The Game of Empire, CHAPTER SEVENTEEN.
"'The collapse of the Polesotechnic League removed the last barrier against intolerance -'" (p. 382)
That was intolerance against the genetically "perfect" Zacharians. But we did not read about Zacharians while we were reading about the League. Poul Anderson retconned them later. Zacharian-League stories set earlier could have been added later but, as we know, Anderson was withdrawing from the Technic History when he wrote The Game of Empire.
The equivalent group in Robert Heinlein's Future History is the Howard Families, bred for longevity and suffering persecution after going public. The Howards appear only in Volume IV, Methuselah's Children, but we are to understand that they had existed from the late nineteenth century and thus were present in the background throughout Volumes I-III. With the single exception of Andy Libby in "Misfit," Heinlein missed the chance to show that some of the characters in earlier stories had been Howards under their "Masquerade" names.

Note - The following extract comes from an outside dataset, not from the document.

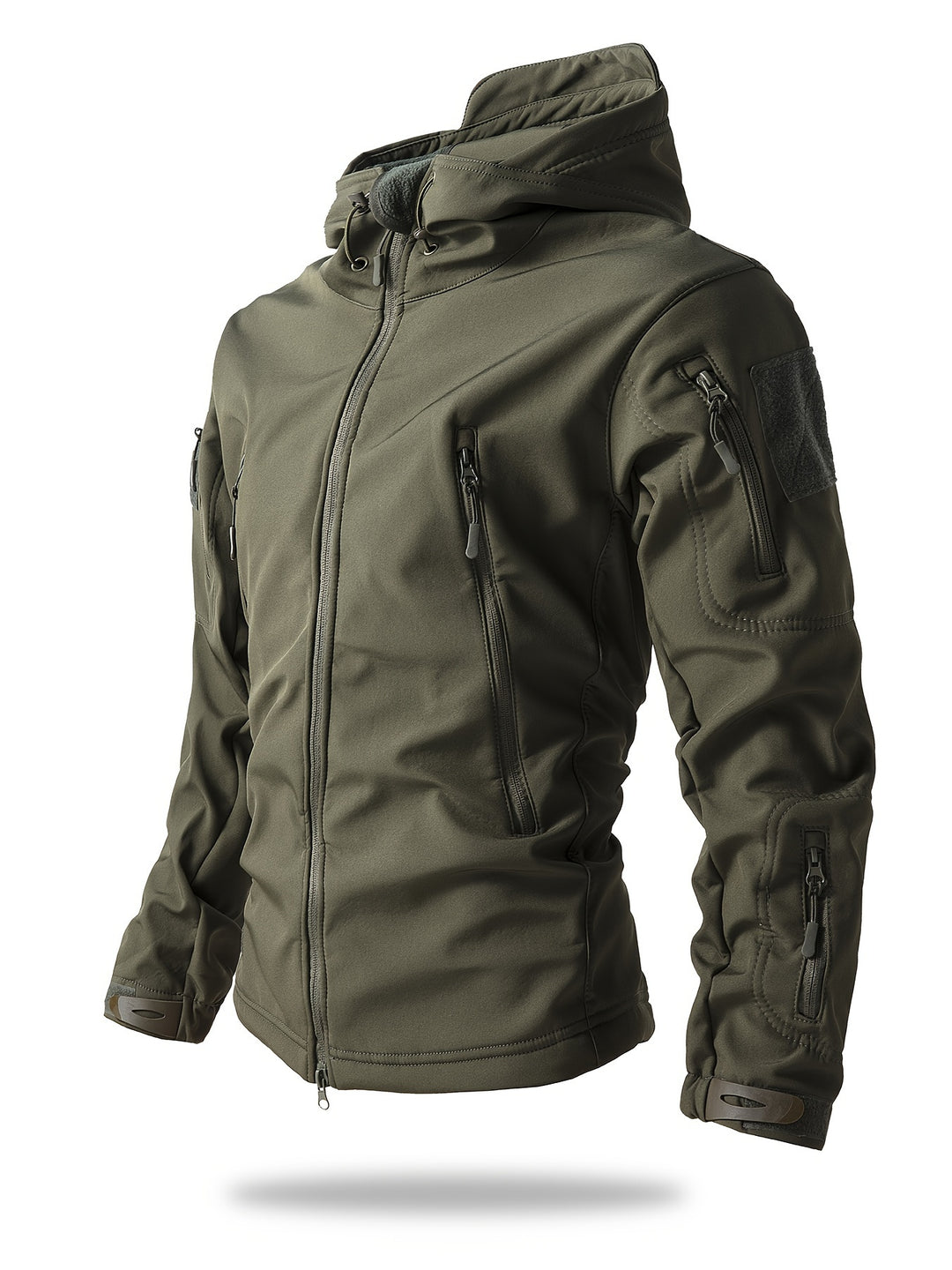 Men's Tactical Winter Jacket - Warm Outdoor Cargo - Green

In James Blish's The Seedling Stars, there is prejudice against "Adapted Men," genetically modified to live on Ganymede and extrasolar planets. However, the Adapted Men cannot live on Earth so that there is little occasion for direct conflict. In James Blish's and Norman L. Knight's A Torrent of Faces, there is prejudice against genetically modified human amphibians.
1 comment:
Kaor, Paul!
And it helped, of course, that Anderson retconned the Zacarhians into merely one more ethnicity in an Empire containing thousands of such ethnicities. Meaning the Zacharians sank into resentful obscurity.
Which explains why we see no mention of them in the earlier written stories.